══ DATA EXTRACTS
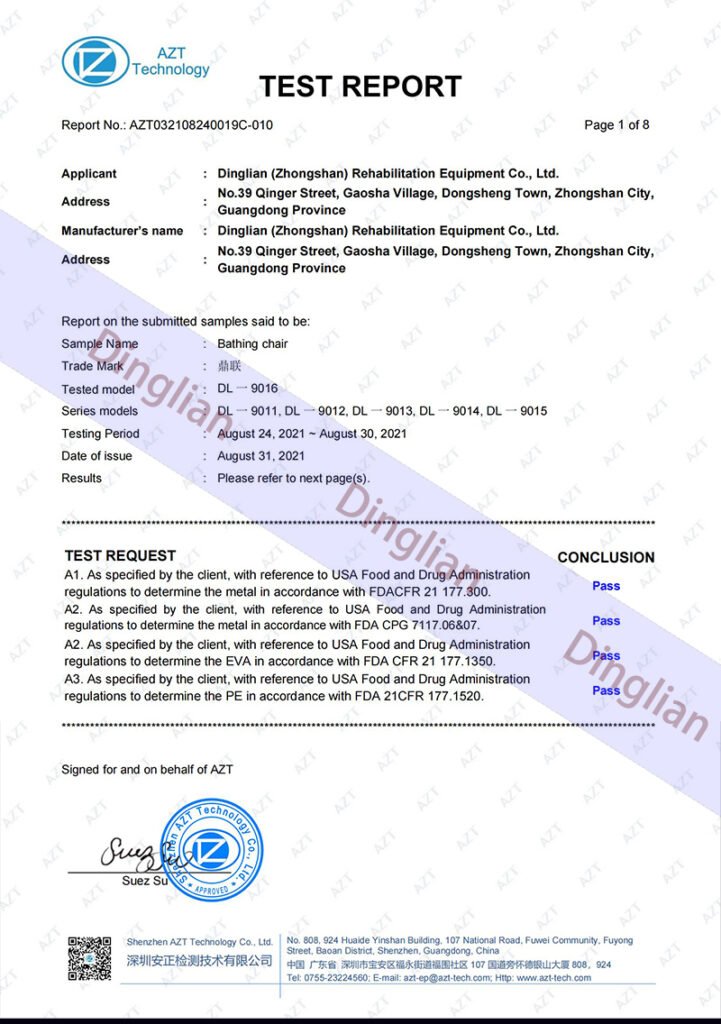 FDA registration certificate for medical shower chairs and commode equipment - US market approved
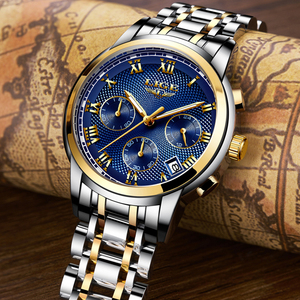 Nouveau LIGE LG9849 montres pour hommes marque de luxe chronographe montres Sport étanche plein acier montre à Quartz hommes - Product Image 1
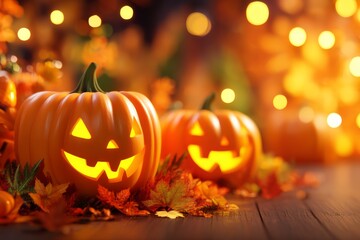 Fototapeta premium Bright and Cheerful Halloween Pumpkin Patch with Carved Jack-o'-lanterns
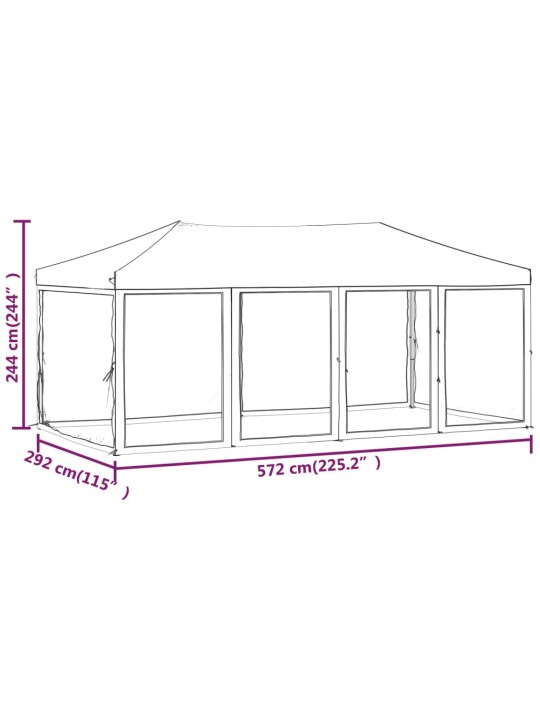 Kokoontaittuva juhlateltta sivuseinillä sininen 3x6 m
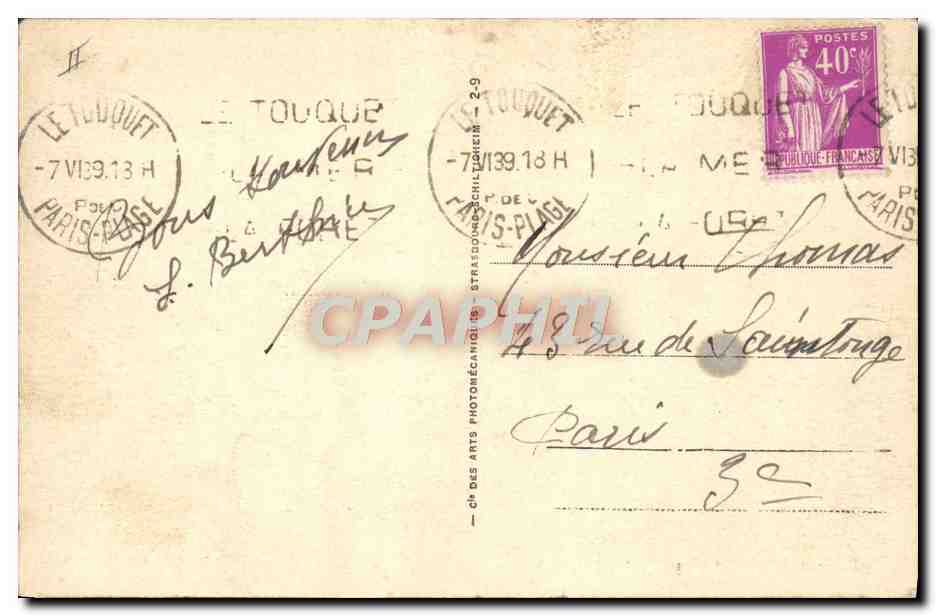 CPA Folklore Maillot de Bains Femme Le Touquet Paris Plage Bain de soleil sur la plage — Verso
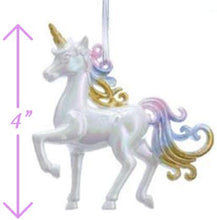 Load image into Gallery viewer, Kurt Adler Fantastical Christmas Ornament Set of 5: 2 Unicorns and 3 Shimmering Wings, with Hangers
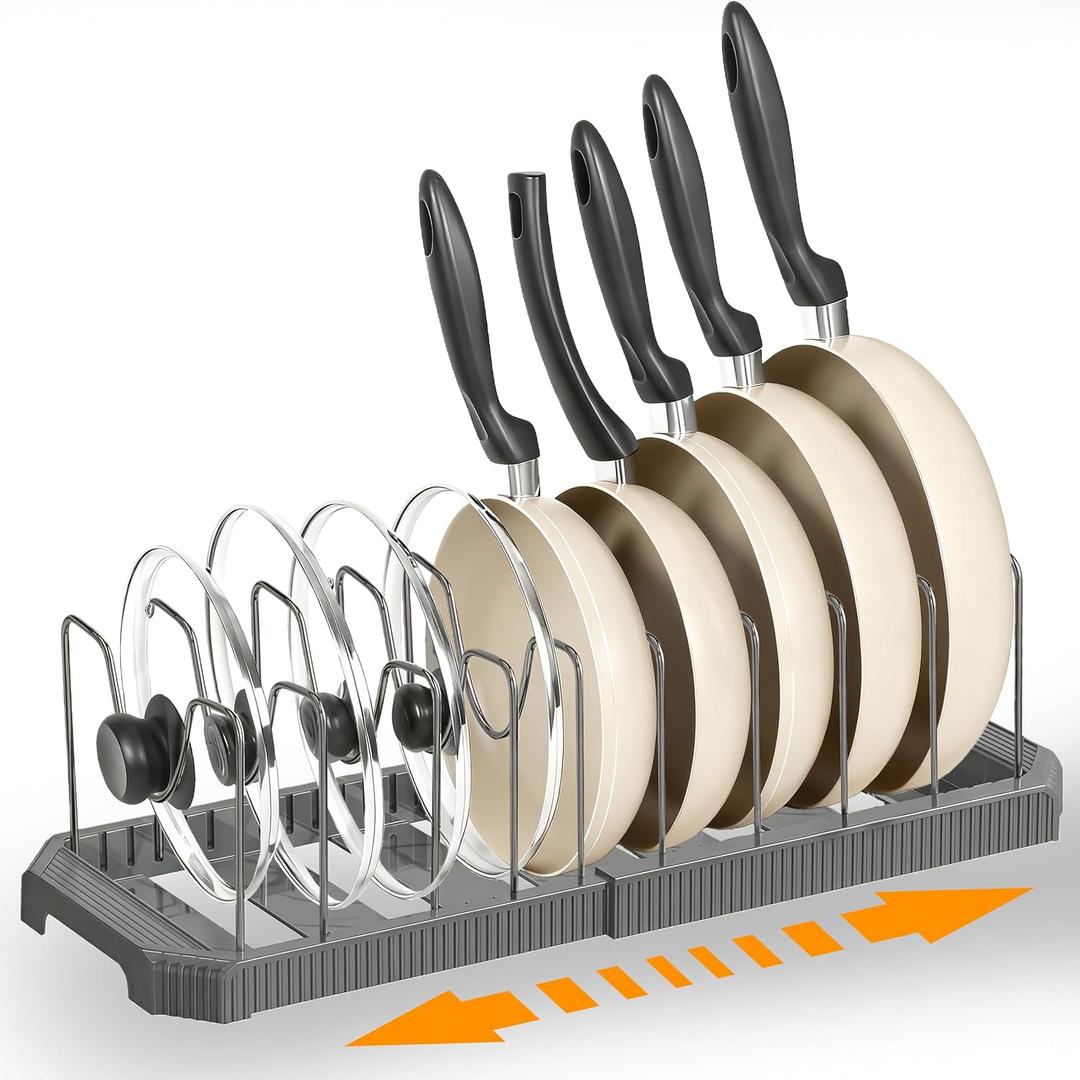 Adjustable Pot Lid Organizer Rack, 9 Compartments Cabinet Storage Holder for Pots, Pans, Lids, Cutting Boards, Bakeware (Gray)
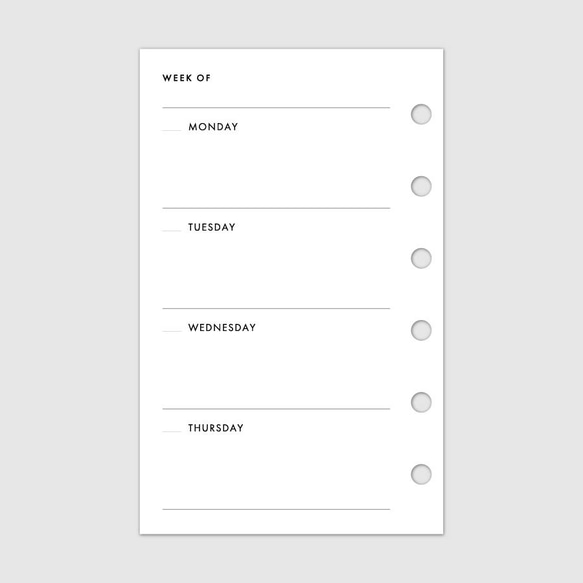 ミニ6サイズ・システム手帳リフィル見開き１週間シンプルなウィークリー【CBMI_WL01】 3枚目の画像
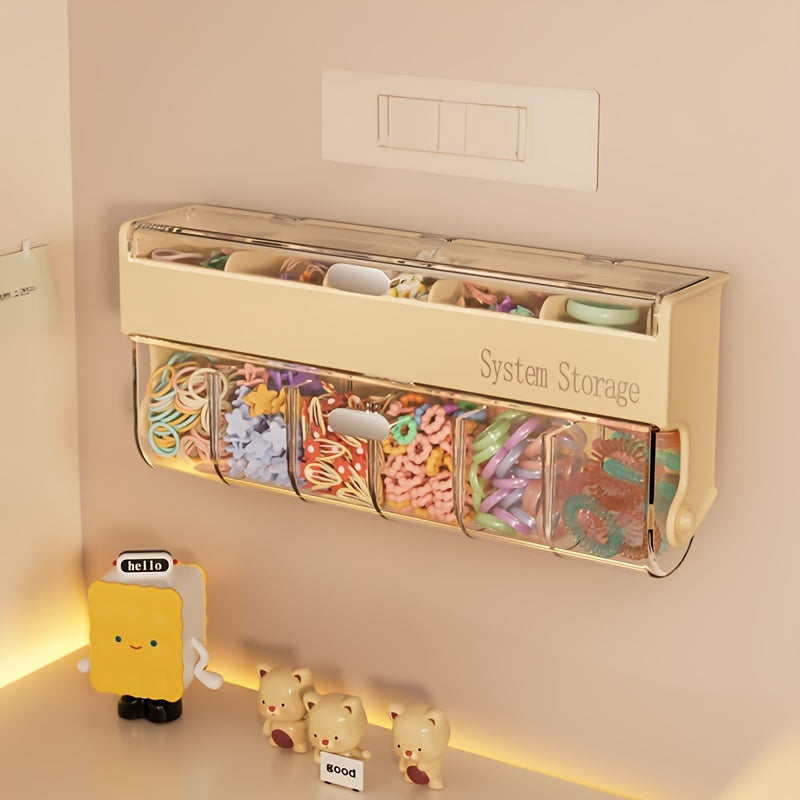 Fashionable Beige Hair Accessory Storage Box - Multi-layer Dustproof and Waterproof Storage Box, Suitable for Jewelry, Headbands, Clips, etc. - Wall-mounted, No Drilling Required, Jewelry Box, Jewelry Boxes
════
=== PROBLEM TO SOLVE ===
An exact transcription of the records above is needed, with no pictures included.

=== THE ANSWER ===
 FDA registration certificate for medical shower chairs and commode equipment - US market approved
 Nouveau LIGE LG9849 montres pour hommes marque de luxe chronographe montres Sport étanche plein acier montre à Quartz hommes - Product Image 1
 Fototapeta premium Bright and Cheerful Halloween Pumpkin Patch with Carved Jack-o'-lanterns
 Kokoontaittuva juhlateltta sivuseinillä sininen 3x6 m
 CPA Folklore Maillot de Bains Femme Le Touquet Paris Plage Bain de soleil sur la plage — Verso
 Load image into Gallery viewer, Kurt Adler Fantastical Christmas Ornament Set of 5: 2 Unicorns and 3 Shimmering Wings, with Hangers
 Adjustable Pot Lid Organizer Rack, 9 Compartments Cabinet Storage Holder for Pots, Pans, Lids, Cutting Boards, Bakeware (Gray)
 ミニ6サイズ・システム手帳リフィル見開き１週間シンプルなウィークリー【CBMI_WL01】 3枚目の画像
 Fashionable Beige Hair Accessory Storage Box - Multi-layer Dustproof and Waterproof Storage Box, Suitable for Jewelry, Headbands, Clips, etc. - Wall-mounted, No Drilling Required, Jewelry Box, Jewelry Boxes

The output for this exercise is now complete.